View this table: [in this window] [in a new window]   Table 2. Summary of effects of adenosine receptor inactivation on resting ventilation, apnea occurrence, hypercapnic ventilatory response, and O2 in control and NCT rats

Plethysmography. The accuracy of VT measurements obtained with whole body plethysmography is the subject of much debate (16, 32). In the present study, obtaining an accurate VT measurement can be enhanced, since, in small animals, high airway resistance can lead to pressure changes associated with compression and rarefaction of gas. However, this method remains the best approach to measure ventilatory variables (including VT) in awake, freely behaving animals.
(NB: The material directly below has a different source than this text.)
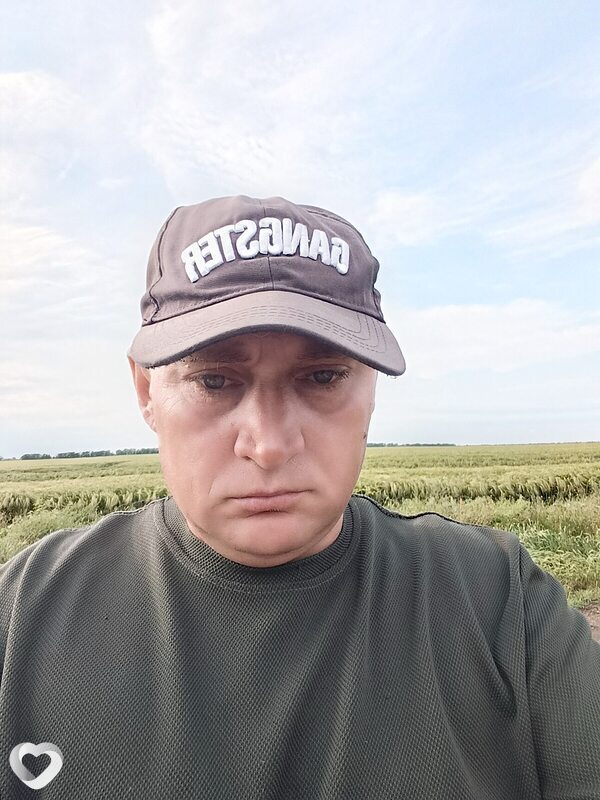 Димончик, 34, Измаиле — анкета №2222340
To minimize errors due to the correction of VT, the hypercapnic ventilatory response was expressed in percent change from baseline value (32). Also, it cannot be ruled out that the VT decrease observed after A_2A antagonist injection was due to a change in airway resistance. Plethysmography does not allow us to distinguish a change in VT due to airway resistance variation from a change in the neural command of breathing. However, although activation of adenosine A₁ receptors has a bronchoconstrictor effect, A_2A-receptor activation has no impact on airway resistance (60).

Injection of drugs. Intraperitoneal injection of antagonist could pose several problems. Little is known about the pharmacodynamics of DPCPX and ZM-241385; however, based on previous studies, it would appear that DPCPX reached the brain at least 30 min postinjection and the concentration is five times lower in the brain than in the serum (20). Although ZM-241385 pharmacodynamics are unknown, the dose of antagonist used in the present study is sufficient to alter cognitive capacities (55–57). However, comparison of the effects of each antagonist must be done very carefully, since comparisons of their pharmacodynamics have not been performed.
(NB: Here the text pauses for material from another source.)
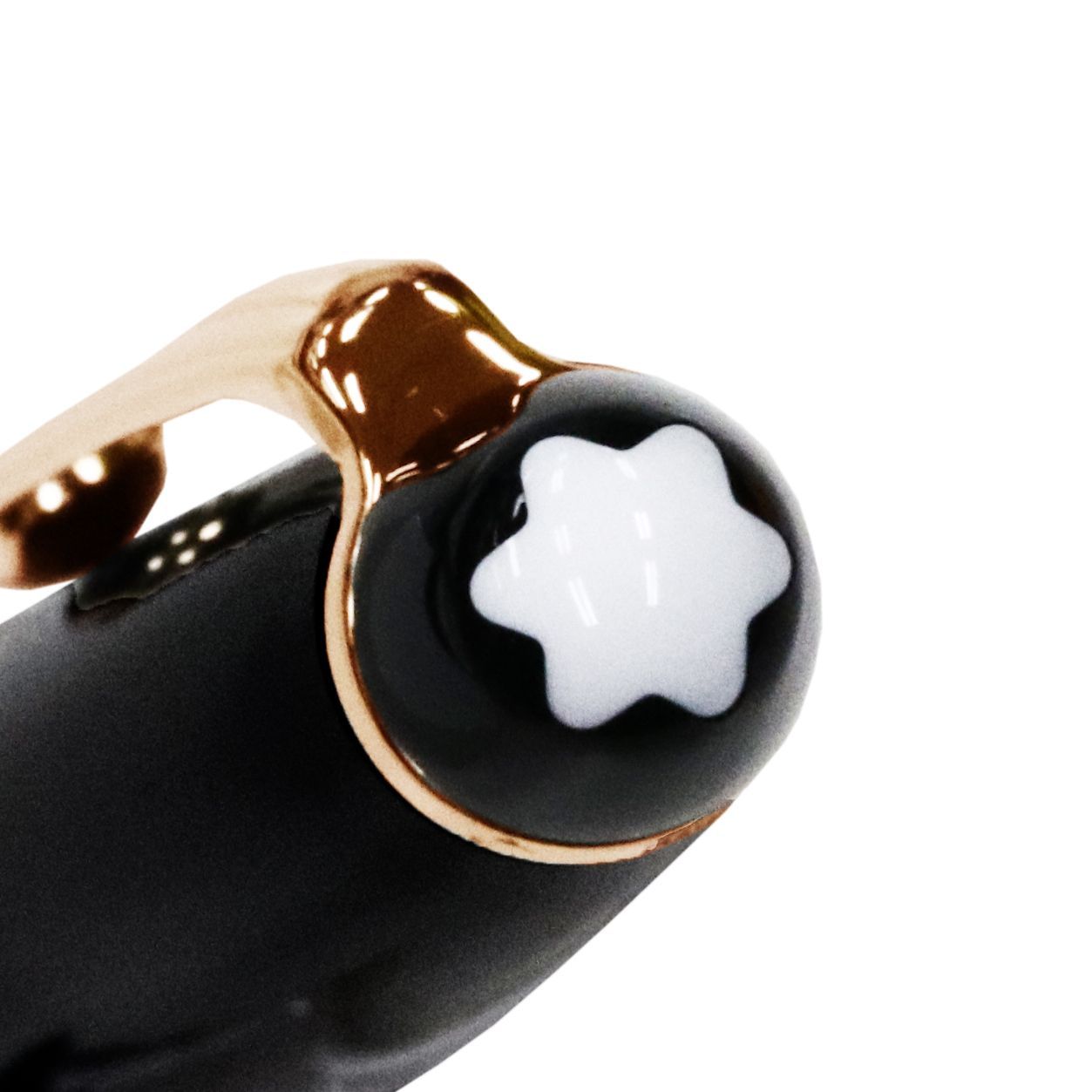 ☆【14：00までのご注文で即日発送！】☆新品☆モンブラン MONTBLANC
Other adenosine-receptor subtypes. The possibility that caffeine, as well as the A_2A antagonist, also blocks adenosine A_2B and A₃ receptors cannot be ruled out. Indeed, caffeine has a good affinity for A_2B receptors but is poorly selective for A₃ receptors (21). ZM-241385 is, however, highly selective for A_2B receptors (8). The roles of adenosine A_2B and A₃ receptors in respiratory control are not clear. Activation of adenosine A_2B receptors in the carotid bodies exerted excitatory effects on carotid body chemoreceptors output (12), whereas no roles have been demonstrated for A₃ receptors.
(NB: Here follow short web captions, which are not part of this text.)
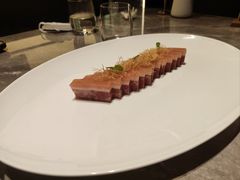 -宫燕府·京菜·烤鸭·淮扬菜(王府中心店)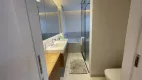 Foto 9 de Apartamento com 3 Quartos à venda, 120m² em Itaim Bibi, São Paulo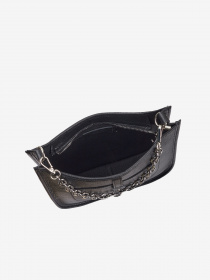 Крос-боді Regina Notte модель 2000000186047 Крос-боді Regina Notte модель 2000000186047 Фото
Role of Adenosine Receptors in Control of Breathing in Awake Young Rats

Ventilation at rest. In our study, injection of A₁ antagonist did not modify ventilation at rest in male young rats (Table 2). These results contrast with those obtained in nonanesthetized fetal sheep (39) and in in vitro preparations of newborn rat brain stem (65) in which a specific adenosine A₁-receptor antagonist increases, respectively, f_R and the frequency of inspiratory neurons. Furthermore, adenosine A₁-receptor agonist decreased E in anesthetized (40) and conscious adult rats (40, 66). These discrepancies may be related to the fact that we used 20-day-old rats instead of newborns or adults because specific binding of the adenosine analog is age dependent in rats (26).

In the present study, the adenosine A_2A-receptor antagonist decreased resting E, owing to lower f_R and VT. Previous studies that used anesthetized, immature rats (44) or en bloc brain stem preparations from newborn rats (29) yielded opposite results, as central activation of adenosine A_2A receptors by selective agonists decreased breathing. Vagotomy, the absence of peripheral chemosensory input from the carotid bodies, and removal of the pontine regions are key differences between in vitro and in vivo experiments. In that regard, activation of A_2A receptors at the carotid body level augments breathing in adult rats (12, 45, 48) (for a review, see Ref. 3). Blocking adenosine A_2A receptors produced a hypoventilation in young rats, an effect not observed in newborn or adult rats, which is consistent with our and other results showing that adenosinergic modulation of respiratory control changes over the course of development (44, 47). In brain stem-spinal cord preparations, removal of the pontine and other rostral structures, which contain a large quantity of adenosine A_2A receptors compared with other structures (61), may reduce the inhibitory effect of adenosine A_2A receptors and consequently reduce the excitatory effect of adenosine A_2A antagonist.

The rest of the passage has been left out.